When automation and robotics are used as a new model to compare human workers against, they become a justification for turning people into machines. An alternative political vision could see these technologies used to relieve workers from the demands of repetitive, backbreaking labor, long workdays and stagnant wages. Of course, technological advancements have saved us from some jobs that nobody would want to do — such as inspecting the tight confines of sewer pipes and exploring hazardous environments like abandoned or collapsed mines — and have allowed us to do more and do it quicker. Yet these gains seldom translate to high guaranteed wages for workers and are sucked up by shareholders seeking ever-growing returns on their investment.
For-profit businesses have little reason to adopt an emancipatory vision when exploitation is so much more lucrative — unless they are given reasons to change, such as union organization and strikes, updated labor regulations, mass boycotts and investigative reports.
Similarly, novel organizational structures centered on democratizing the workplace can free workers from a toxic ethos of ruthless competition and executive-managerial control by offering them power to participate in decisions that affect their collective lives and well-being. Such places exist, though they are few and far between. The New Era Windows Cooperative in Chicago, for example, is a factory that is owned and democratically operated by the workers. There are many models for worker cooperatives, and they are spreading. What they have in common are values and motives based on providing benefit for worker-owners, nurturing solidarity and mutual support, establishing democratic procedures and enriching their communities.

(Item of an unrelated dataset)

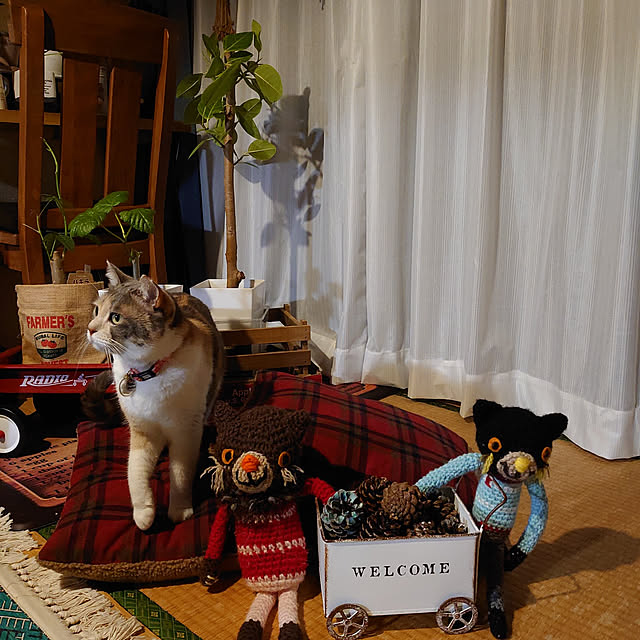 fukuさんの実例写真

Academics such as Trebor Scholz and Karen Gregory are exploring ways of applying lessons from worker cooperatives to digital platforms. Thanks to the spotlight on Amazon, the company is likely to reform parts of its corporate culture. While I don’t expect workers to overtake Amazon, the emancipatory lessons from cooperatives should inform any changes.
As a society, we must resist and tear down the technologies of exploitation. Many of us live with their consequences every day, but contrary to popular belief, there are alternatives. And if there’s one thing worth working long and hard for, it’s a techno-political arrangement that’s built for all of us.